-- Opening Marker --

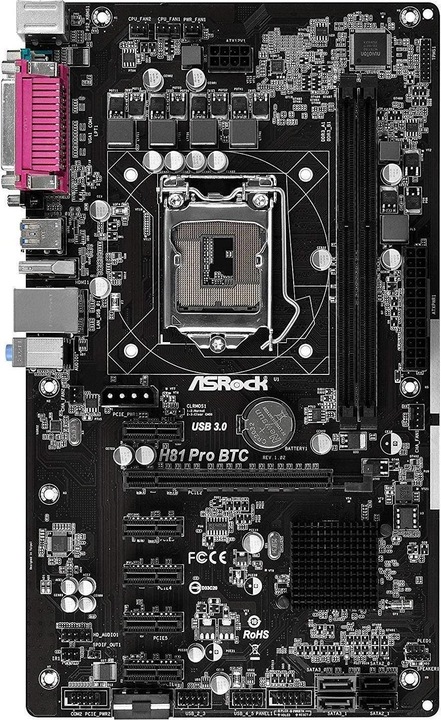 Actual product image AsRock H81 Pro BTC R2.0 (LGA 1150, Intel H81, ATX)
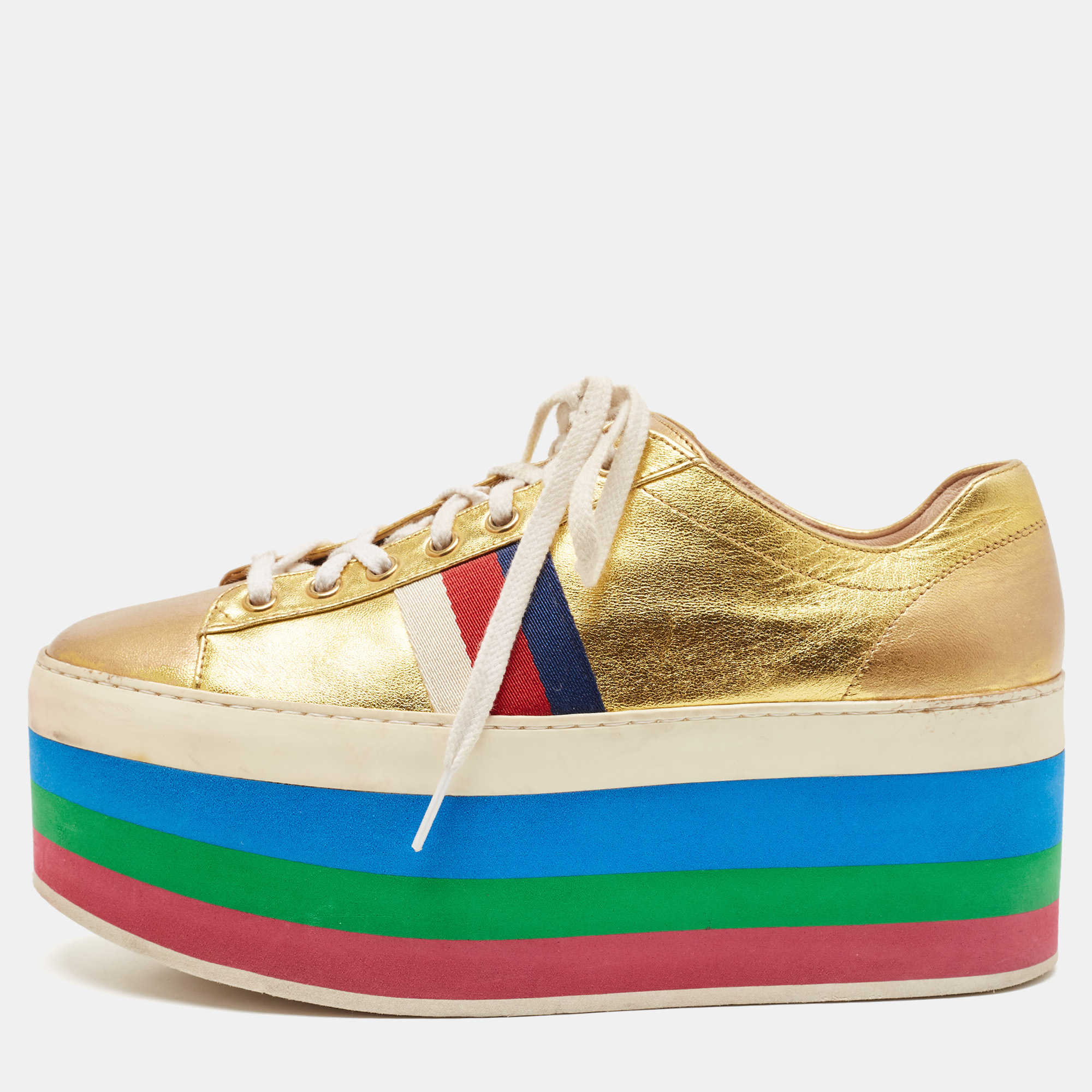 

Gucci Metallic Gold Leather Peggy Sneakers Size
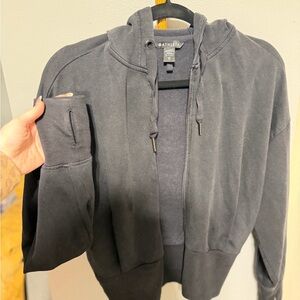 Athleta Black Full-Zip Hoodie with Hood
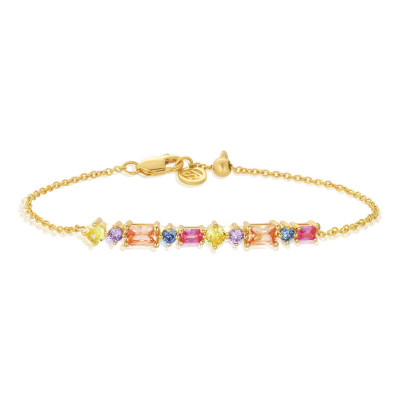 Sif Jakobs SJ-B12328-XCZ-YG Ivrea Collectie - Goudkleurige schakelarmband met kleurrijke zirkonia's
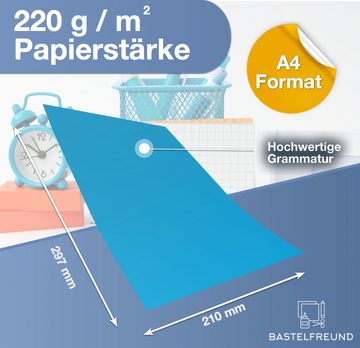 Bastelfreund® Bastelkartonpapier 100 Blatt Tonpapier 230 g/m² Buntpapier A4 - 16 Farben - Kopierpapier, Bedruckbar; Papierstärke 230 g/m²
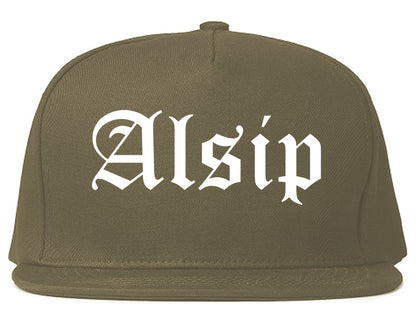 Alsip Illinois IL Old English Mens Snapback Hat Grey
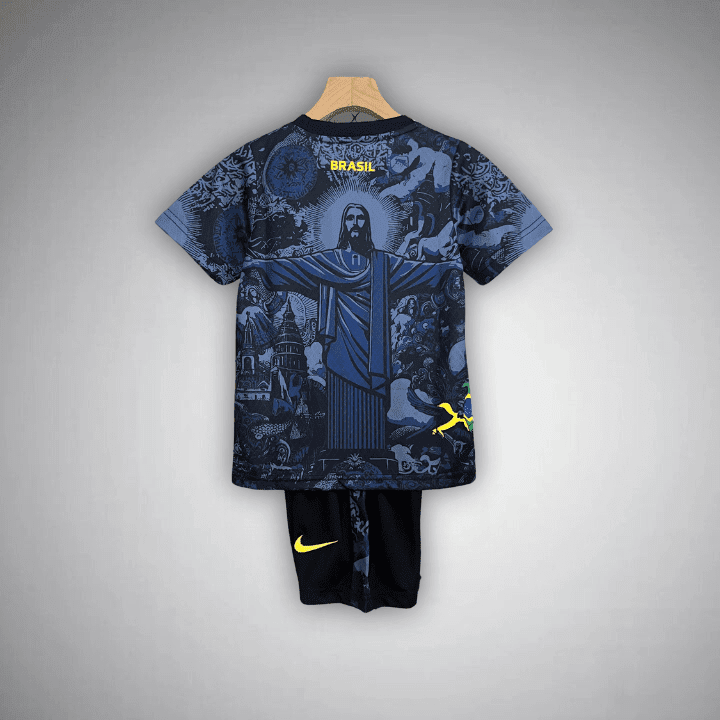 Brazil "Jesus" Premium Blue Kids Size Kit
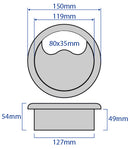 FGS127C - 127mm Stainless Steel Floor Grommet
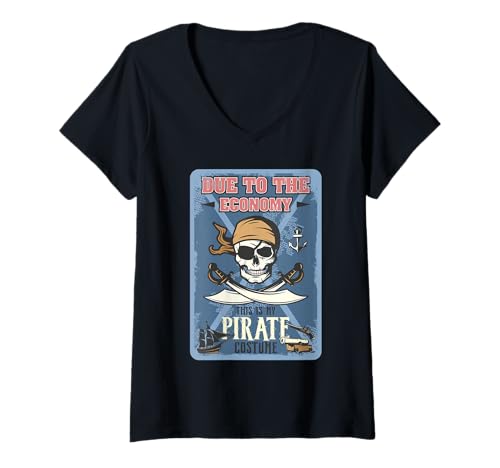Damen Due to The Economy This is My Piraten Kostüm Lustiger Pirat T-Shirt mit V-Ausschnitt Damen Due to The Economy This is My Piraten Kostüm Lustiger Pirat T-Shirt mit V-Ausschnitt von Funny Pirate Costume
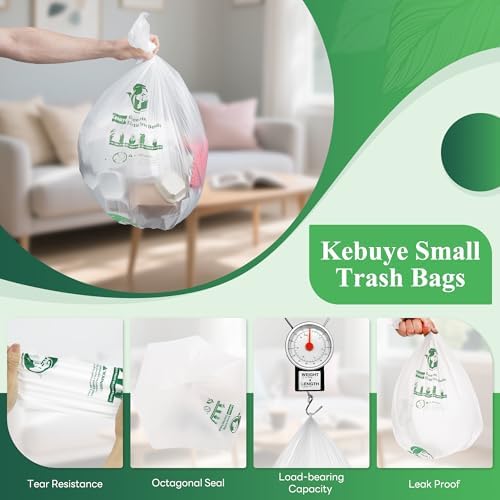 Small Trash Bags 1.2 Gallon - Biodegradable Gallon Waste Bag for Bathroom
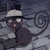 Animated cartoon cat with dark gray fur, white hat, and pink cheeks sits on stone surface against blue-gray background.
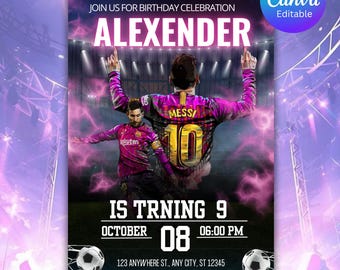 Messi Birthday Invitation, Soccer Editable Template, Fifa Birthday Party, Football Canva Invitation, Printable Instant Download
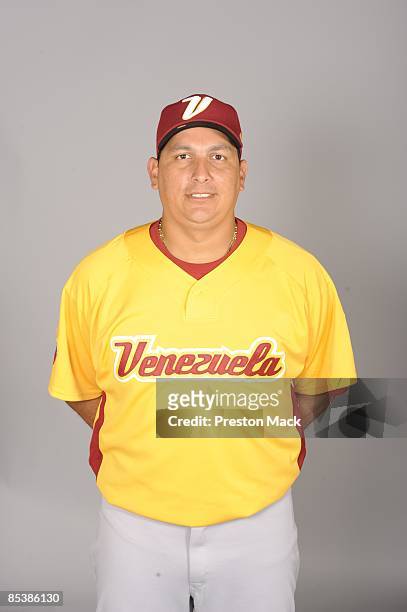 Victor Moreno , #16, of team Venezuela poses during a 2009 World Baseball Classic Photo Day on Monday, March 2, 2009 in Lakeland, Florida.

-- Closing Marker --

Work order >> Once you have returned the line containing "Sif Jakobs SJ-B12328-XCZ-YG", stop; begin at the first line of the material, keep each line exact, and skip the pictures.

Task solution >>
 Actual product image AsRock H81 Pro BTC R2.0 (LGA 1150, Intel H81, ATX)

Gucci Metallic Gold Leather Peggy Sneakers Size
 Athleta Black Full-Zip Hoodie with Hood
 Sif Jakobs SJ-B12328-XCZ-YG Ivrea Collectie - Goudkleurige schakelarmband met kleurrijke zirkonia's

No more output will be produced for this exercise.